When world-class athletes or performers prepare for an event, it is easy for an outsider to see the physical preparations. Athletes are on the track constantly, musicians are practising non-stop, and dancers are twirling and working their bodies to ready themselves for a performance. But, what about mental readiness? Leaders may be physically ready (reports printed and copied, models built, etc), but if you don’t focus on your mental game, you may lose before you even begin.
In Leadership is Upside Down, mental readiness refers to the ability of a person to create a balanced psychological state in which he or she can perform optimally. If you are mentally ready, you have the capacity to focus, self-manage and you have a healthy degree of internal discipline.1
There are three components to mental readiness in the
i4 Neuroleader Model:
- Confidence gives leaders the ability to make better decisions and impacts how they work and relate to others.
- The ability to focus provides leaders with a more stable mood, increased performance, and an ability to recall more information.
- Leaders who fail to plan will fail to perform. Mapping out a strategy and then executing it allows leaders to perform at higher levels.
IT’S ALL ABOUT PERFORMANCE IN THE BUSINESS WORLD
Business people aren’t really that different from top athletes, musicians, dancers or artists. For anyone to succeed at the highest echelons of their field, they must be physically and mentally prepared. The same goes for leadership--you’re expected to perform even if conditions are difficult and demanding, and even when things happen which are out of your control.

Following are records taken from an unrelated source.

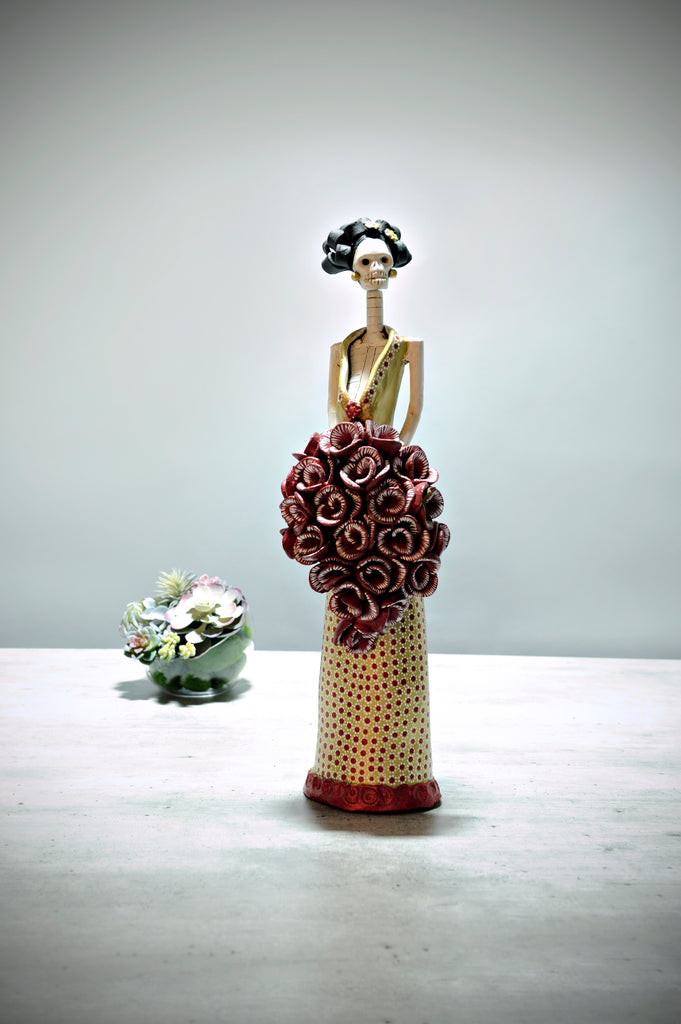 Hand-made clay figurine, Catrina Josefina Red Carpet in Gold is a stunning art piece. She is wearing a gold dress with a dotted pattern design. She is holding a cascading burgundy rose bouquet and to adorn her head, we added a few dainty flowers. All our Catrinas are made in Mexico and we ship worldwide. Add a classy touch of Mexican culture to your home.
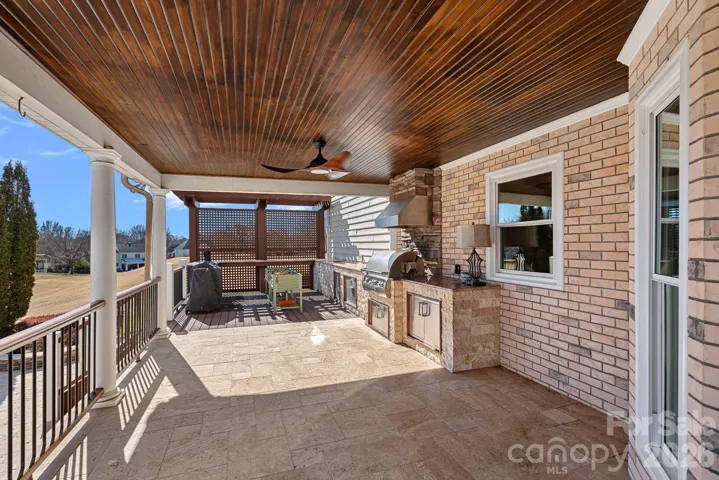 Adjacent to the outdoor covered living space is also an outdoor kitchen grilling station with gas grill and venting hood.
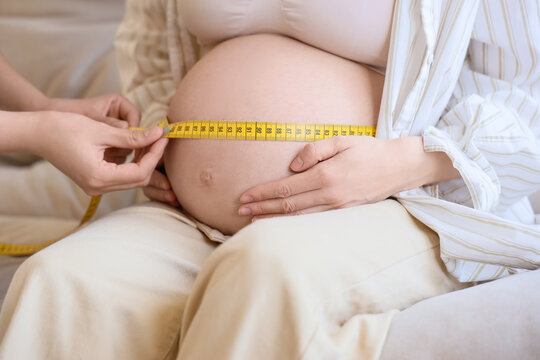 Young pregnant woman with doula measuring belly on sofa at home, closeup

The “old ideas” regarding performance management focused on individual performance, and appraisals were doled out by a hierarchical superior. Many organisations will need to rethink the processes and tools they use to reimagine themselves in the Imagination Age. New thoughts on performance management include focusing on team performance and using peer-based assessments which allow exploration into an employee’s learning journey.2
There is a difference between intelligence and mental readiness. All the knowledge in the world won’t automatically translate into results. Neuroscience can help leaders strengthen the integration between body and mind, build balance in their brain and hone mental health alongside physical health. Higher levels of performance equate to higher levels of productivity, more harmonious environments and greater efficiency.3
The leader who is in the highest health of mental fitness
HOW CAN YOU IMPROVE YOUR MENTAL READINESS?

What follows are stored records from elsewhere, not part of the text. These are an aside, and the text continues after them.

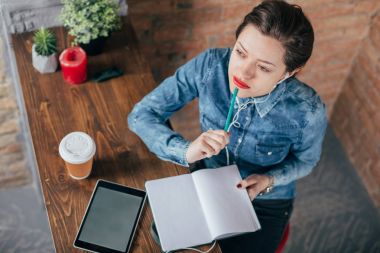 Not defteri ve tablet ile güzel genç kadın serbest meslek çatı iç odasında bir kahve molası var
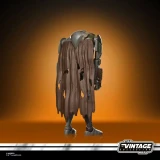 Star Wars Mercenary Droid Star Wars Vintage Collection 3.75-Inch Action Figure VC407, detailed figure with torn brown cape and robotic limbs, standing on a surface with an orange gradient background.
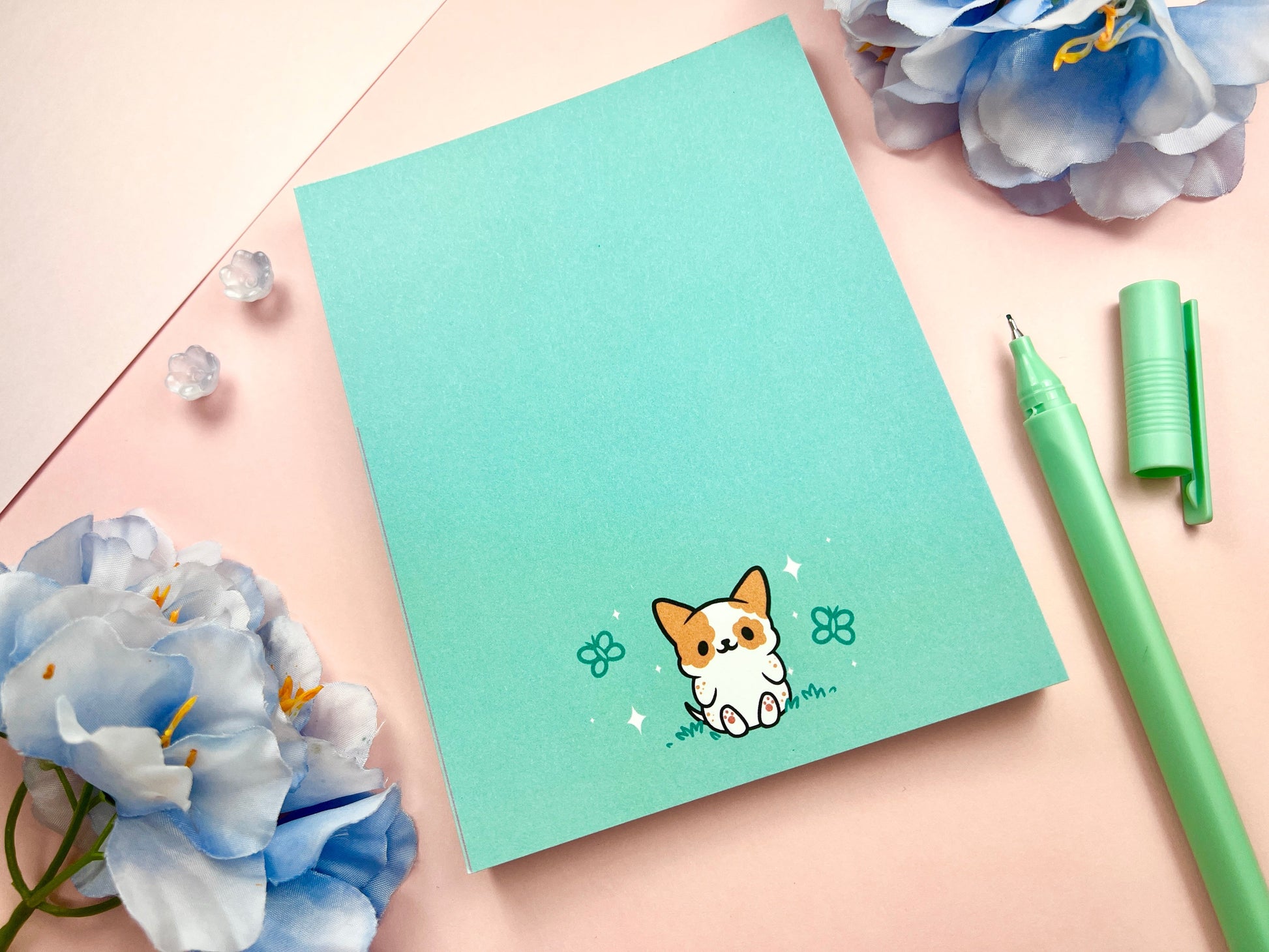Light blue notepad with an illustration of a cute dog sitting among the butterflies.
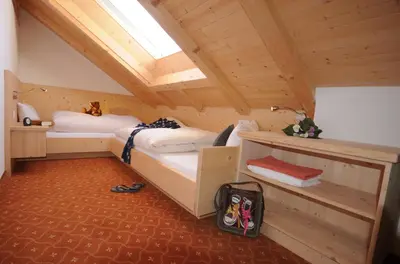 a room with two beds in a cabin at Apartments Dolina in Ortisei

It takes some effort to prepare yourself for sustained high performance. Everyone
is expected to do more with fewer resources, but consider these tips to increase
- Wean yourself away from technology. While having a cell phone may be necessary for work, digital devices can negatively impact your sleep. Develop a bedtime routine which doesn’t involve reading your phone or device to increase mental readiness and performance.
- Analyse your failures and then move on. It’s easy to dwell on past mistakes and to relive these moments over and over in our minds. Instead, adopt the mindset that failure is to be expected, and change those failures into opportunities for growth.
- A little preparation goes a long way. You wouldn’t try to run a marathon without training, so why would you try to jump into an important meeting without preparing? Running around unprepared might make you look busy, but it’s probably a waste of everyone’s time.
- Celebrate the victories, no matter how small. No matter how hard we try, humans simply aren’t robots. We can’t run indefinitely as if powered by imaginary batteries. Our physical and mental health will eventually suffer, and our performance will decrease. Stopping to celebrate your victories will improve conditions for yourself and everyone working around you.
Neuroscience has shown how wonderful and resilient our brains are. Using a leadership method based on neuroscience can help build your mental readiness by expanding your capacity to focus and self-manage. Increasing your confidence will improve your performance and create a happier, healthier way of life.
1. Damiano S, Cubeiro JC, de Haas T. Leadership is Upside Down: The i4 Neuroleader Revolution. About my Brain Institute. 2014.
2. McLennan K. Building Australia’s Future Today: Australia’s Transition Challenge to 2030. What is Leadership? 2018.
3. McLennan K. Building Leaders for the Imagination Age: The Case for the i4 Model. About my Brain Institute. 2016;1. [White Paper].